Li Hengqing further stated, “Former Chinese Premier Li Keqiang once revealed that there are 600 million poor people in China with monthly incomes of less than 1000 yuan (approximately 138 US dollars). If the central bank begins large-scale government bond purchases and excessive currency issuance, it could lead to severe hyperinflation and inevitably trigger social unrest.”

He also noted, “In recent years, the rapid growth of the renminbi M2 has been unprecedented. However, this has not stimulated the Chinese economy as many people are unable to find jobs, and both businesses and individuals are pessimistic about the economic outlook, refraining from lending and choosing to hold onto their money, leading to a large influx of funds back into banks.”

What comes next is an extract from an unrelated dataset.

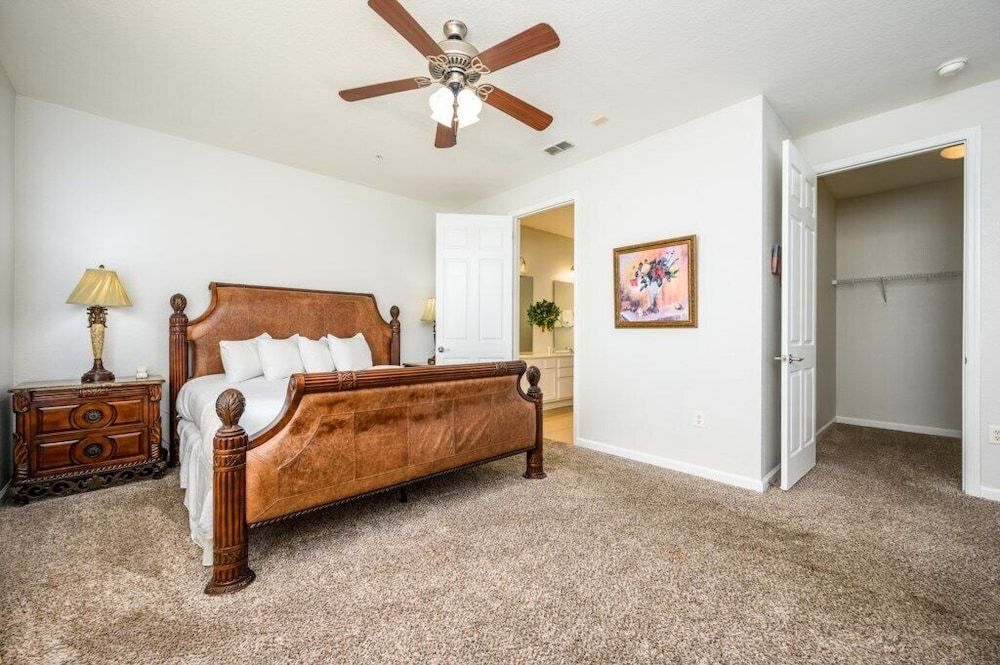 Condo (Beautiful Vista Cay Lakeview Condo - )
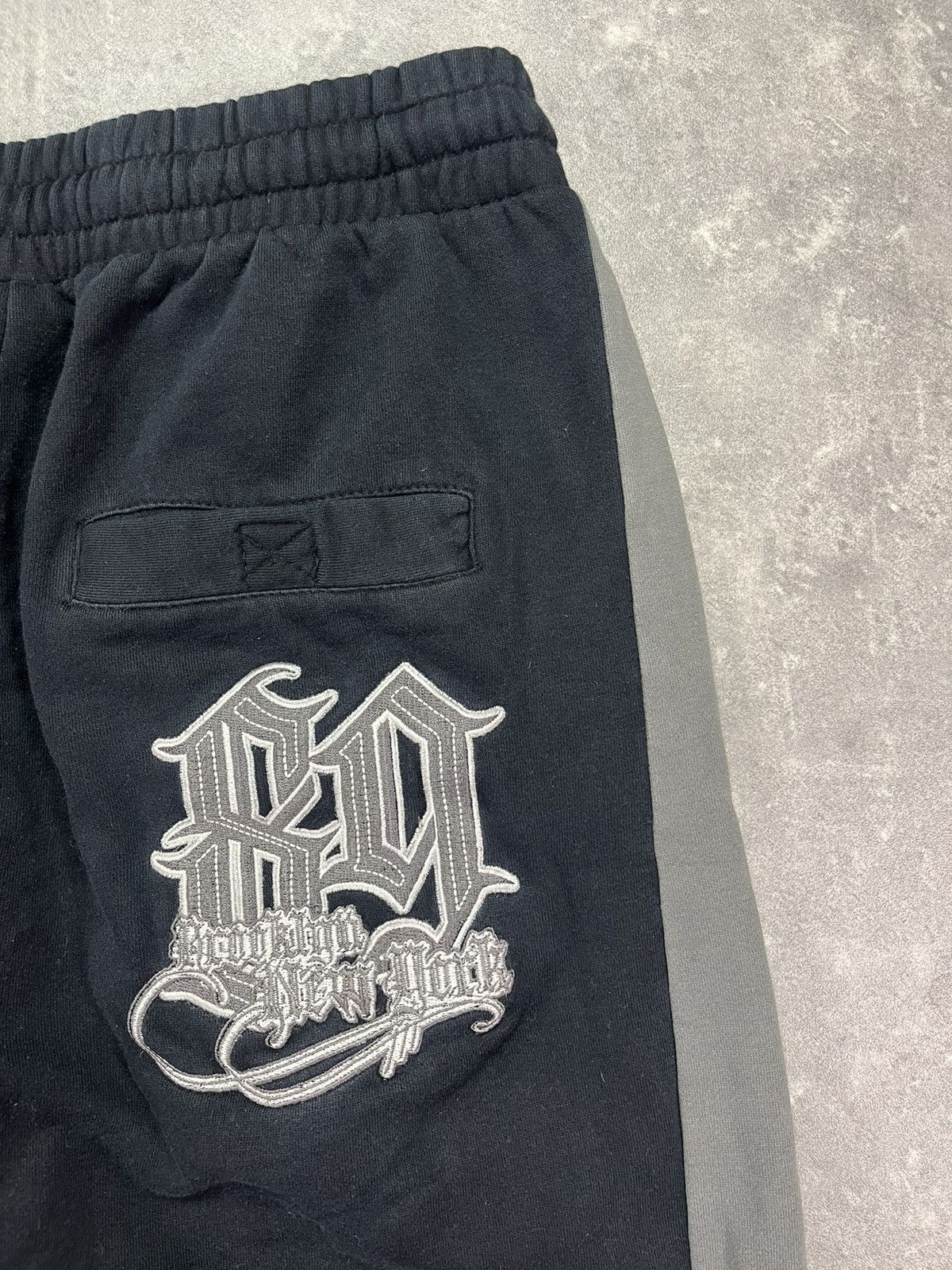 Karl Kani Karl Kani Vintage Embroidered Printed Baggy Sweatpants L Size US 34 / EU 50 - 13 Thumbnail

Previously, the Chinese central bank issued the renminbi through two main ways: foreign exchange reserves and giving loans to commercial banks. Foreign exchange reserves began in 1994 when then-Premier Zhu Rongji implemented foreign exchange reforms. This included fixing the exchange rate of the renminbi to the US dollar, allowing the rate to float within a certain range, and enforcing compulsory purchase and exchange of foreign currencies like the US dollar into renminbi. Based on the exchange rates of foreign currencies such as the US dollar, the Chinese central bank issued a corresponding amount of renminbi, anchoring the renminbi issuance to the amount of foreign exchange obtained.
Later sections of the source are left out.